5. Check the Back of the Lock
Stamping marks vary according to when the bag was made and the style of the bag. Some CC locks have a stamping mark whereas others have no mark at all, so even if your bag doesn’t feature a stamp don’t fret! If the lock has a stamp it means it was made in France whereas if it doesn’t feature a stamp it means it was made in Italy. The real giveaway is the stamping mark on the back plate. If you open the bag and look at the back of the turnstile lock you will see the back plate. Chanel attach this using flat had screws only alongside a clear font with even spacing. Replicas may use different type of screws and various other styles of lettering and font on the back plate.
6. Verify the Branding or Logos
The brand stamp is another way to confirm the authenticity of a Chanel bag. Check the font and quality of the stamp. Many replicas use a thinner font and rush the branding so that it sits on the leather rather than being embossed into it. The position of the embossed Chanel logo is another feature worth checking. It should sit one and a half centimeters below the quilted C with the width of the Cs and the gap between them remaining consistent at 0.9cm. The width of a genuine Chanel logo is 3.3cm.
7. Authenticity Cards
Not all authenticity cards are genuine! A quick way to see if the authenticity card is genuine is to see how many numbers make up the code. If the bag was made between 1984 and 1986 it will feature 6 digits, if it was made between 1986 and 2004 it will feature 7 digits, and if was made from 2005 onwards it will feature 8 digits.
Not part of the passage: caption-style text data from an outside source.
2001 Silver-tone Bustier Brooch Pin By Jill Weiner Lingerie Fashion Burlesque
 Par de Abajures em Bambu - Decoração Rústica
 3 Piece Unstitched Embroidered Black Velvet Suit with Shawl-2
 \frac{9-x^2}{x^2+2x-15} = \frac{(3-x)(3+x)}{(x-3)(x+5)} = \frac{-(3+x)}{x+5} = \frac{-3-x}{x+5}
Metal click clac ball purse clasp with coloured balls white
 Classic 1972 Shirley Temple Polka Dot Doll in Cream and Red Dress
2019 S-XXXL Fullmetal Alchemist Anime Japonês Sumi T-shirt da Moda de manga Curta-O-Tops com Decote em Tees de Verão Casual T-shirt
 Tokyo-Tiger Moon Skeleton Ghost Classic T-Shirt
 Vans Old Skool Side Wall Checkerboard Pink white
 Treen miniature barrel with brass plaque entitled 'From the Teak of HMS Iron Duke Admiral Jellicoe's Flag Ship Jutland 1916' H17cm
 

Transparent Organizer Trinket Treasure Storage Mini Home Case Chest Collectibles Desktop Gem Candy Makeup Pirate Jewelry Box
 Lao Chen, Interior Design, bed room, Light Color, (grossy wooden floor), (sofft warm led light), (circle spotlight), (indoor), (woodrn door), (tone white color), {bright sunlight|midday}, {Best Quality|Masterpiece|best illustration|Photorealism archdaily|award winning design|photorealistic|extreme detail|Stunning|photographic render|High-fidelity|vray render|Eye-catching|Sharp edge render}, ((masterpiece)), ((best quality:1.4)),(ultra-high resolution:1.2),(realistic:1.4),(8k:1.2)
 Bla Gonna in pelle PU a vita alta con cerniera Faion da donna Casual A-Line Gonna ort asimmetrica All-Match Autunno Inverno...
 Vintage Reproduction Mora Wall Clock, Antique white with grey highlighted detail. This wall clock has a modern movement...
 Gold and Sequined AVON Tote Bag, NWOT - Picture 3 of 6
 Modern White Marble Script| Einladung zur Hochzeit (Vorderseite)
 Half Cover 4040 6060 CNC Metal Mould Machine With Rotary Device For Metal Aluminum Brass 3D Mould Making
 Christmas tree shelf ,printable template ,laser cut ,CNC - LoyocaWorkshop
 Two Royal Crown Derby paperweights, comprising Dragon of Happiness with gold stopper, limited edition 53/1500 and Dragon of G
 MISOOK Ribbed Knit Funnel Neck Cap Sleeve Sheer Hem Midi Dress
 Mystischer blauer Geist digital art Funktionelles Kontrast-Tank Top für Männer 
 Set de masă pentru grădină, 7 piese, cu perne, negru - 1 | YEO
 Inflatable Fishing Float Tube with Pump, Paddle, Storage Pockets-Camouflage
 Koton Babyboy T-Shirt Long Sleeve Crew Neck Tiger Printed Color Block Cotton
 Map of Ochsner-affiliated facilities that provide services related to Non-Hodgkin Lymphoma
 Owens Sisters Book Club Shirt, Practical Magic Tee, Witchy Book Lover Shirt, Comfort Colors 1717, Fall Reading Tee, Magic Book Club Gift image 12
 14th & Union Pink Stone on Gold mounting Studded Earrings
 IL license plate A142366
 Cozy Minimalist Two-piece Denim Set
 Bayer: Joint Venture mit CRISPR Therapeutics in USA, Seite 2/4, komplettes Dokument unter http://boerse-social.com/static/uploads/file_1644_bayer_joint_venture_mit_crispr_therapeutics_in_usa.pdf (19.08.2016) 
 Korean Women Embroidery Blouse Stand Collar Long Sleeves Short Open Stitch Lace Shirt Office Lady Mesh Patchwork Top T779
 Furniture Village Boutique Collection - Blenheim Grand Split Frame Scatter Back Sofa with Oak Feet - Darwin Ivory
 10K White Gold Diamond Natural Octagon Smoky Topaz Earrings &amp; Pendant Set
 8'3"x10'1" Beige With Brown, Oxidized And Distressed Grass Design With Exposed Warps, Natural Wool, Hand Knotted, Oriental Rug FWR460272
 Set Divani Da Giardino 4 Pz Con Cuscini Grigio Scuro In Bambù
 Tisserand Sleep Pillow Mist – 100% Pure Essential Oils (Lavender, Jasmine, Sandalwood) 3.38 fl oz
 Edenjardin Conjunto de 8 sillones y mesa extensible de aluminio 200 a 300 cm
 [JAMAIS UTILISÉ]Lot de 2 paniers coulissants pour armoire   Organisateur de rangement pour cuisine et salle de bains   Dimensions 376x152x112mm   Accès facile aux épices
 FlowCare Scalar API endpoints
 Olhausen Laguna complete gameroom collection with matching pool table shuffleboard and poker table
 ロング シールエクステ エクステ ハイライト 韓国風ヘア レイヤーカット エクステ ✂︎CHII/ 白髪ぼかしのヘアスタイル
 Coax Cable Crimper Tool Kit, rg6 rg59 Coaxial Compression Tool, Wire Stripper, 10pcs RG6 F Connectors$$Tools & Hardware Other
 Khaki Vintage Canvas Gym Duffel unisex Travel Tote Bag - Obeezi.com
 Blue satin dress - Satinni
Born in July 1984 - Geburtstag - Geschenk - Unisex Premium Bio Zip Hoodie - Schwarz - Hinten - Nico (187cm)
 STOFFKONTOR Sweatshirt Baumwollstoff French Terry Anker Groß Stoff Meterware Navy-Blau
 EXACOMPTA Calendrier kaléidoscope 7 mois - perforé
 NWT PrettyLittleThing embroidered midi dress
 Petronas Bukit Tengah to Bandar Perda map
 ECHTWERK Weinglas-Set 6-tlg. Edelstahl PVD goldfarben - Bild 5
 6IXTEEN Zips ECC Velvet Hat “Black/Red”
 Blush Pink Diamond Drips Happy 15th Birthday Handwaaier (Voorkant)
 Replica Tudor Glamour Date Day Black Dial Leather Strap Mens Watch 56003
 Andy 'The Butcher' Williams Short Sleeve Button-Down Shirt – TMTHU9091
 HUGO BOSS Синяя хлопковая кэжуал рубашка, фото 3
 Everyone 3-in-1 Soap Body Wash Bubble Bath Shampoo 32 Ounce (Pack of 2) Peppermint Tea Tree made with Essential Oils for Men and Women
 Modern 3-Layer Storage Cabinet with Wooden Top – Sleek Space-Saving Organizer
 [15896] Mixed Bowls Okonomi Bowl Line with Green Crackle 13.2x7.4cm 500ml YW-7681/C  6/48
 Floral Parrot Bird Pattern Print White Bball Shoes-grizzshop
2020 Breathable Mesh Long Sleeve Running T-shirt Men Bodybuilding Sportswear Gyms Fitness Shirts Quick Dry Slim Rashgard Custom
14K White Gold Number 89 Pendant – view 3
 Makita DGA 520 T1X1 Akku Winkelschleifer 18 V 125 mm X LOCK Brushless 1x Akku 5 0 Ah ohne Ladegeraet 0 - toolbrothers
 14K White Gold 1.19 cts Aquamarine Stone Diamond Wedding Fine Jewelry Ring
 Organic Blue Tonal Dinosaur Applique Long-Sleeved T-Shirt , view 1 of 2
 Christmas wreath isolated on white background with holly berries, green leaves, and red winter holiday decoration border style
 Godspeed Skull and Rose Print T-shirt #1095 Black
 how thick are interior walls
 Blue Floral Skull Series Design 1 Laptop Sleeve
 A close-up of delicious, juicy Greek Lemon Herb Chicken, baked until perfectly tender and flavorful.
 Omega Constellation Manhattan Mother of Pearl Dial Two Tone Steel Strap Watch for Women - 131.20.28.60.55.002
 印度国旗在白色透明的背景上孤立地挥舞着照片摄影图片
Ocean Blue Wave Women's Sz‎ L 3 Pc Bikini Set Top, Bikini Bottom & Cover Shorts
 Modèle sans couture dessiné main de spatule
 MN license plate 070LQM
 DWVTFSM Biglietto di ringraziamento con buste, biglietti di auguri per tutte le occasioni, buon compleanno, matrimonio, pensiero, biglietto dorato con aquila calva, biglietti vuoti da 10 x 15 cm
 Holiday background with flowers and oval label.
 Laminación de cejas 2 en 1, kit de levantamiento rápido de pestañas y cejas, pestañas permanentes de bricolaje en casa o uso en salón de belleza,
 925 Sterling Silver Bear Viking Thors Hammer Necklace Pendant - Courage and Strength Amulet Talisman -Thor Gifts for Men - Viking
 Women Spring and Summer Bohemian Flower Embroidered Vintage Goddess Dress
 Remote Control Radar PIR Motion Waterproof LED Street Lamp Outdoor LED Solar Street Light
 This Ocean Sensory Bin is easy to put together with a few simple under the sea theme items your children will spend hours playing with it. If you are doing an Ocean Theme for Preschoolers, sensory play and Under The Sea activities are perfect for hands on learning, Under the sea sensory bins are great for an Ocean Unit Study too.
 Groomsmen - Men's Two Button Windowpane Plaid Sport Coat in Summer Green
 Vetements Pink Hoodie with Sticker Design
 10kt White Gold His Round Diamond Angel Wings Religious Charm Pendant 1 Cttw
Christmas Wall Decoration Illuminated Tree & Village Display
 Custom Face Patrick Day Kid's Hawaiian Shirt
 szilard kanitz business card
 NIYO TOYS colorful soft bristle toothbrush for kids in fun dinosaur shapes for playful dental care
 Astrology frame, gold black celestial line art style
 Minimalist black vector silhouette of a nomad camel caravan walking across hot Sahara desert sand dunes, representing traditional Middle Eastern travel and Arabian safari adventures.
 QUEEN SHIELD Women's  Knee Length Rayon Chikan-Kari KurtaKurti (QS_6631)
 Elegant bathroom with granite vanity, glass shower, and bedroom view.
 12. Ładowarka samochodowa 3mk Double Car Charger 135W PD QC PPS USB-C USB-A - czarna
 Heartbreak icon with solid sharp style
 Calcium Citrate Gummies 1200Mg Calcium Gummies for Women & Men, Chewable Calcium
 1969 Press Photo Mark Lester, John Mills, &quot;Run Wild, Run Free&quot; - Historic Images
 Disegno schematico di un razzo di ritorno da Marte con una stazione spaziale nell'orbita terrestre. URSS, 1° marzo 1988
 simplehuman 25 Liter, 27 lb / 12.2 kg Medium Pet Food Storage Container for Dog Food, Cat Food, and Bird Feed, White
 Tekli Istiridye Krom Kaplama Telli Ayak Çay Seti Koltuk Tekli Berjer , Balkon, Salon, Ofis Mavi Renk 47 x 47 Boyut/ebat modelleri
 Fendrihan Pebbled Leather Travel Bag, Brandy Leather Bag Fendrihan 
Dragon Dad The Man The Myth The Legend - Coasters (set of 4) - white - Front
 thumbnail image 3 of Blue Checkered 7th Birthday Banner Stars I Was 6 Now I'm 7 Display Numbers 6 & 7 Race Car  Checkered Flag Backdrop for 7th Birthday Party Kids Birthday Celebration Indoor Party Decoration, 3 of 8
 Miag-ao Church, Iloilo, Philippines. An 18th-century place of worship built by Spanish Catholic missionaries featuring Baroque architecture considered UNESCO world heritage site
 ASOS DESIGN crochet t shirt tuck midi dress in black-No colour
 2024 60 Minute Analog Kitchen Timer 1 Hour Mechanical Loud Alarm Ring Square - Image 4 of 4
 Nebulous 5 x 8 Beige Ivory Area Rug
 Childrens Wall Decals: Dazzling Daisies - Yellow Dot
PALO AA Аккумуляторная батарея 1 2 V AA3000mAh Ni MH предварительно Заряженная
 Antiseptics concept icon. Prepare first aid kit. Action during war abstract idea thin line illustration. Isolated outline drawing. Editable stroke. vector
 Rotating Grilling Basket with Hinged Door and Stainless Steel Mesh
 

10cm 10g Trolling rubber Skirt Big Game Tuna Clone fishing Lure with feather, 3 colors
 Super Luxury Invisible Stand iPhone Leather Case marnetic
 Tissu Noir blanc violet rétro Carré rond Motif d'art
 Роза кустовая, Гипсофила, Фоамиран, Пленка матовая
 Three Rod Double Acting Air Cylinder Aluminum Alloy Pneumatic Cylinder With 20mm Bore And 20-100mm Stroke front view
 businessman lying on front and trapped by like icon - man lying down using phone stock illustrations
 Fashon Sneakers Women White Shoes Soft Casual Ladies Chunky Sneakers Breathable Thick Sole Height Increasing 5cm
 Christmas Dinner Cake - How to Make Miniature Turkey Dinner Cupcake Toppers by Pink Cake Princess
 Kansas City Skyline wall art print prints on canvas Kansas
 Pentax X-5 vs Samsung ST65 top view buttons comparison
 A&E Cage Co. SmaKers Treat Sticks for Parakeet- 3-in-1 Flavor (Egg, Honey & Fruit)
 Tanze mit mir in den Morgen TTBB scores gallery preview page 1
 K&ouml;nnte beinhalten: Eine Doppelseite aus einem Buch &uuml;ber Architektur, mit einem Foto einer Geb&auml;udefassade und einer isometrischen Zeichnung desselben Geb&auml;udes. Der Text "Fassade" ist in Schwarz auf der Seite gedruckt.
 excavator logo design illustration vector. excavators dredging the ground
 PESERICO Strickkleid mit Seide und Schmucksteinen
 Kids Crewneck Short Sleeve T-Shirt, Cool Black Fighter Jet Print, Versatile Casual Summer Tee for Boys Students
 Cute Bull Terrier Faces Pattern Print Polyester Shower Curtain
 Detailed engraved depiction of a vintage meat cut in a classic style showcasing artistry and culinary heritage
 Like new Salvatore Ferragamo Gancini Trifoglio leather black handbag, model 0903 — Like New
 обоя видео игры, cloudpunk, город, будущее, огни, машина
Currently Chanel do not issue authenticity cards with 9 digits or more.
8. Check the Chain Straps
The famous chain and leather straps are a signature feature of Chanel bags and also a great way to spot a fake. Vintage Chanel bags feature a link without the leather threaded through it whereas replica straps often don’t have a link without the leather threaded through it. However, contemporary Chanel bags feature leather straps folded back on themselves and stitched through each link, so it is important to inspect the detail up close!
9. Observe the Bag's Shape
Replica Chanel bags are usually constructed poorly and feature a boxy shape in comparison to genuine Chanel bags. Look out for rounded corners on replicas compared to the more square shape of genuine bags. This is a sign of the bag not being turned out properly and of poor quality material used on the bag.
10. Check Those Zippers
There are a variety of zippers used on genuine Chanel bags. These include the lampo zipper which is always used on metal teeth, the EP zipper which generally features a pull tag made of leather, the three Cs in a circle zipper, the OPTI DMC zipper, the éclair zipper, the DMC zipper, the YKK zipper, and the no mark zipper which is usually found on vintage Chanel bags.